Pour signifier l’enfermement qu’engendre la culture, Dubuffet recourt à plusieurs métaphores évoquant semblablement des accumulations de couches superposées (nous avons déjà rencontré celle des « étages »). Il en utilise deux dans ses lettres à Witold Gombrowicz : celle de l’aubier[20] et celle de l’artichaut, l’une que l’on peut qualifier d’optimiste, l’autre de pessimiste. Toutes les deux insistent sur le fait que l’individu se construit par l’accumulation au fil de sa vie de « couches » de culture. Dans la première, les cercles concentriques du sureau se durcissent, la culture la plus anciennement inculquée fait ainsi figure de fossile sans vie au cœur de l’individu[21]. Aussi conclut-il qu’il :

 

« faut faire grande différence, dans ce bois culturel, entre ce qui procède du vieil axe durci ou des nouvelles couches tendres.

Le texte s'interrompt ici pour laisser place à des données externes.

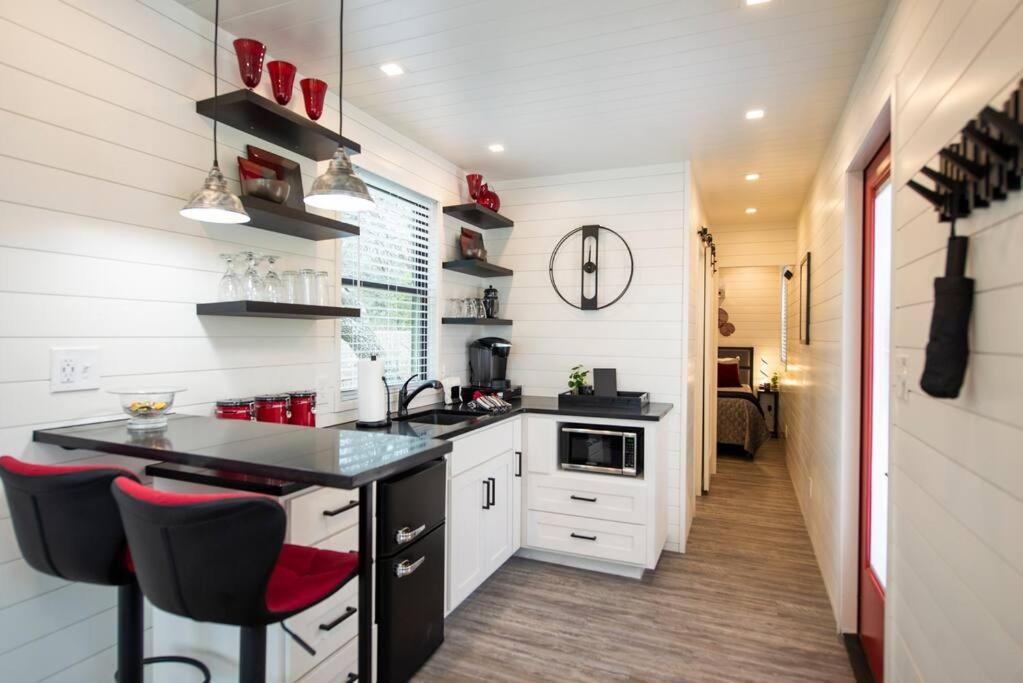 The Merlot House-Container Home 12 Min To Magnolia Bellmead Exterior photo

Il y a tous les degrés, tous degrés, je veux dire, de profondeur, tous niveaux, dans le culturel. […] il y a question de plus ou de moins ; il y a question du niveau de cette culture auquel l’emprunt est fait, celui du vieux bois dur ou celui de l’aubier.[22] »

 

L’« aubier » semble donc permettre d’échapper, au moins un peu, à la culture et nous montre qu’au cœur de l’individu, celle-ci est un processus dynamique. En fait, il semble possible de distinguer, chez Dubuffet, deux acceptions du terme « culture », l’une désignant la culture collective, l’autre au niveau des individus ; la première s’impose à la seconde et s’incorpore à elle avant de s’y fossiliser. Dans l’individu, la culture est donc plus ou moins incrustée, et c’est en cela même que la lutte contre elle demeure possible, tout est affaire de gradation :

 

« Mais pensez bien à mon aubier. Plus ou Moins conventionnel ; conventionnel à des niveaux différents. Gardons-nous d’effacer les distinctions entre ce qui procède plus du conventionnel, et ce qui procède du moins. D’un conventionnel qui sera suivant le cas plus ou moins de la chair tendre ou du vieil os. De chair immédiatement, passivement, empruntée, ou bien de sécrétion personnelle à partir du vieil os.[23] »

 

D’un côté se trouve donc la norme sociale, de l’autre l’individu. D’un côté du conventionnel fossilisé, de l’autre une sécrétion individuelle moins emprise de culture. C’est dans le moment de l’intégration d’une nouvelle couche de culture que se trouve la possibilité d’une remise en cause de celle-ci parce que ce moment provoque nécessairement un changement du regard sur le monde (quand bien même serait-il léger). Dubuffet n’est cependant pas dupe de cette possible libération[24], il affirme à plusieurs reprises qu’elle ne peut exister que pour des « instants fugaces[25] » grâce à des « tremplins momentanés à la manière des clous que les alpinistes plantent dans le rocher l’un après l’autre pour s’élever d’un pas, lequel fait ils n’ont plus d’usage.[26] » La libération de l’individu passe ainsi par une utilisation consciente de son « aubier », par une appropriation des éléments culturels nouvellement rencontrés et par leur utilisation, leur détournement même, contre la culture pour établir de « nouvelles grilles ». Loin des artistes exaltés qui se croient anti-conformistes, visionnaires ou avant-gardistes par nature[27]. Jean Dubuffet pense l’émancipation comme un processus exigeant, qui nécessite de l’endurance et qui reste à jamais incomplet.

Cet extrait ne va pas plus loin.